A URL provides the location of a web page online, while letting the user's browser know how to access that page. When your URLs make sense, and reflect the content in the pages they lead to, you’re making it easier for users to visit your content and boosting your SEO.

Both keyword inclusion and the readability of your URLs can improve your search engine results page (SERP) rankings. However, of the two, readability is the most important. A simple, straightforward URL will nearly always be preferable to a long, ungainly one laden with keywords.

In other words, the way you structure your URLs can affect whether your content appears in search engines and whether users click on it. With that in mind, let’s take a look at how you can structure your URLs for the maximum SEO boost.

How to Structure Your URLs to Boost SEO (4 Key Tips)

If you’re unsure how to structure your URLs in the most effective way, don’t worry. Here are four key strategies that are simple to implement and intuitive to follow.

1. Use Long-Tail Keywords

Long-tail keywords are foundational to how people search online. We often look for specific information, and our queries reflect that.
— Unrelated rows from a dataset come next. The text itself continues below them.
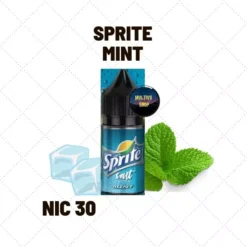 Sprite mint saltnic น้ำยาซอลนิค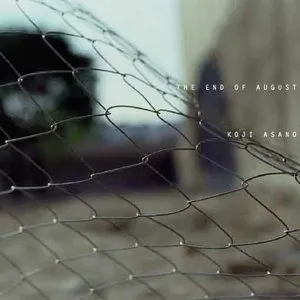 Pochette de The End of August de Koji Asano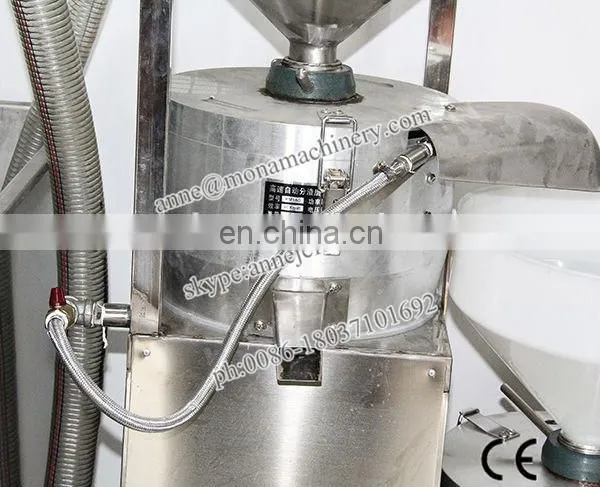 Industrial Semi-automatic 750 Low Consumption 35L Soymilk and Tofu Machine photo-6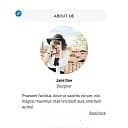 wdv-about-me-widget icon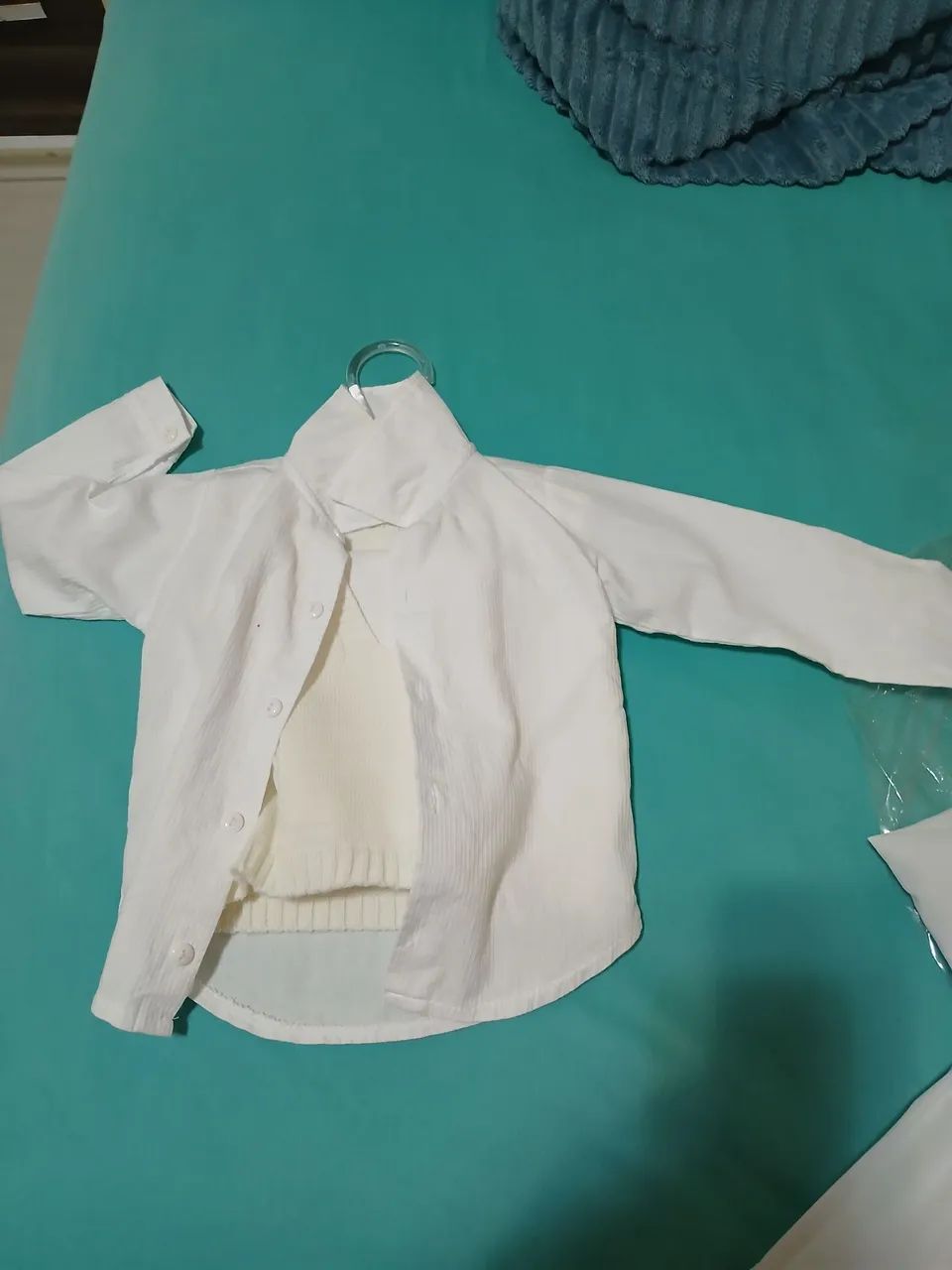 Roupa infantil de batizado - Foto 2
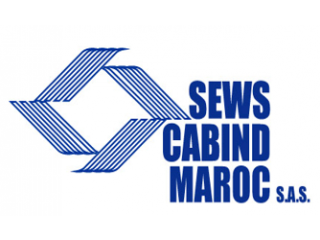 Offre emploi maroc - Sews Cabind Maroc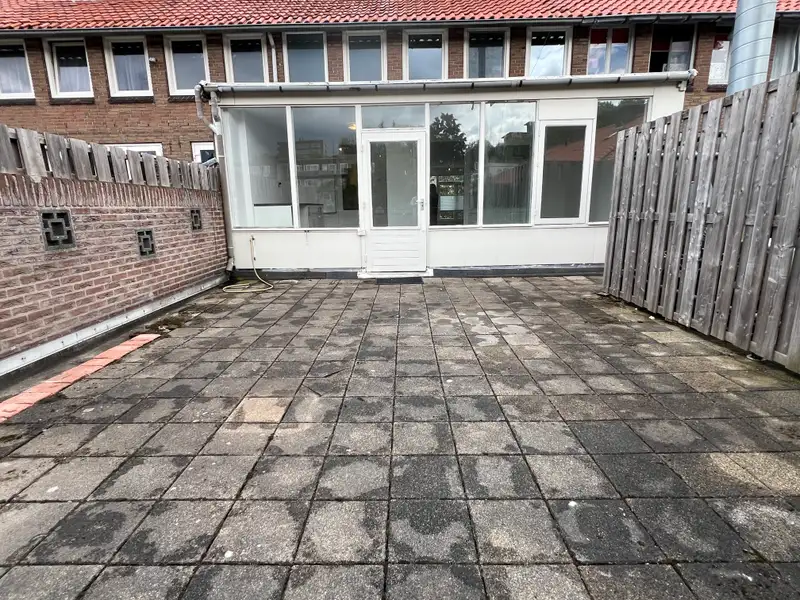 House Exterior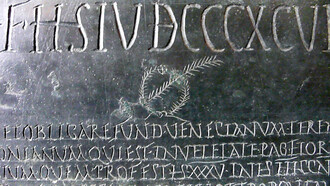 La Tabula alimentaria di Veleia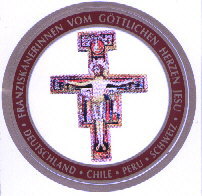 Franziskanerinnen - Kreuz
In fact, 70% of all search results use long-tail keywords.

In a nutshell, long-tail keywords are search queries that involve more natural, organic language. Often, they're between three and six words long. For example, a traditional keyword might be “build a website,” but a long-tail keyword variant would be “how to build a new website.”

Shorter keywords often have very high competition and are hard to rank for with new content. Long-tail keywords have a smaller potential audience, but it's much easier to get that audience's attention, since fewer websites are competing for the same search phrases.
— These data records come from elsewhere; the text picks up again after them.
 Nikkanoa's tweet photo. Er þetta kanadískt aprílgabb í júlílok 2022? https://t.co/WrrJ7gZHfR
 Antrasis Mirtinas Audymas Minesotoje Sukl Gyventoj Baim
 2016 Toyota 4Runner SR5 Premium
To get the most out of your long-tail keywords, it's important to do keyword research using a tool like Google Keyword Planner:

Google Keyword Planner's home page.

This tool helps you identify phrases that have low competition and high traffic. Then, you can incorporate those keywords in your page content and your URLs.

2. Keep Your URLs Concise

When we recommend that you keep your URLs concise, we’re talking about link shortening. That can be achieved by taking a long URL and using a link shortener to make it easier to read.

When you remove unnecessary or confusing content, your links will not only look better, you’ll also improve your content's SEO. In addition, you'll be making it simpler for visitors and affiliates to share your links, and you'll be able to track and measure the results more easily.
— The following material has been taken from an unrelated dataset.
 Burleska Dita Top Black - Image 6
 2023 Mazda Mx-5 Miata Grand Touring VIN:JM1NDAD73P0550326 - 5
Our Pretty Links plugin can do the heavy lifting by creating shortened links for you quickly and easily:

The Pretty Links plugin in action.

When creating your ‘pretty' links, consider keeping them short and incorporating keywords. A quality URL will be short and descriptive and provide potential visitors with information about what kind of content they'll see on the other side of the link.

3. Make Use of Hyphens

Whether you use hyphens or underscores in your URLs might seem like a minor concern. However, it can have a significant impact on your SERP rankings.

To Google, an underscore functions as a “word joiner,” turning “my_page” into the less readable “mypage.” Unfortunately, that also makes it harder for Google to interpret your URLs and determine their relevance to specific queries.

In contrast, hyphens act as “word separators.” They can enable your URLs to more naturally resemble typical search queries and make them easier for both Google's bots and human users to parse. Hyphenated URLs also offer improved readability, which can keep potential visitors from typing in your URLs incorrectly.

While hyphens are not a direct ranking factor, it can be advantageous to avoid underscores altogether. This helps you create URL structures that are optimized for search engines like Google.

4. Minimize or Avoid Stop Words

Stop words are words that search engines are programmed to ignore. There's no definitive list, but some common stop words include “to be,” most prepositions, adverbs like “what” and “how,” and articles such as “the” and “that.”

Search engines like Google will automatically omit these words as unnecessary, so it’s best to not include them in your URLs. They not only add length you don’t need, they won’t affect your search results anyway.

For an example, let's take a look at one of our own articles: The (Positive) Truth About Link Shortening and SEO. Here's the URL for that post:

  • https://prettylinks.com/2019/11/link-shortening-seo/

This URL includes the key words from the article's title and makes it clear what the content is about. At the same time, it leaves out unnecessary words such as “the” and “about,” resulting in a shorter, cleaner link.

Conclusion

It may seem like structuring URLs effectively takes a lot of forethought. Yet the effort you put into this task can pay off with increased traffic and improved SEO. Better still, a plugin like Pretty Links can cut the necessary work in half, and make it that much easier to format your URLs.

Let’s recap the four main ways to structure your links with SEO in mind:

  1. Keep your URLs concise.
  2. Use long-tail keywords.
  3. Add hyphens when needed and avoid underscores.
  4. Minimize or avoid stop words.

Do you have any questions about how to create effective, shortened URLs? Ask away in the comments section below!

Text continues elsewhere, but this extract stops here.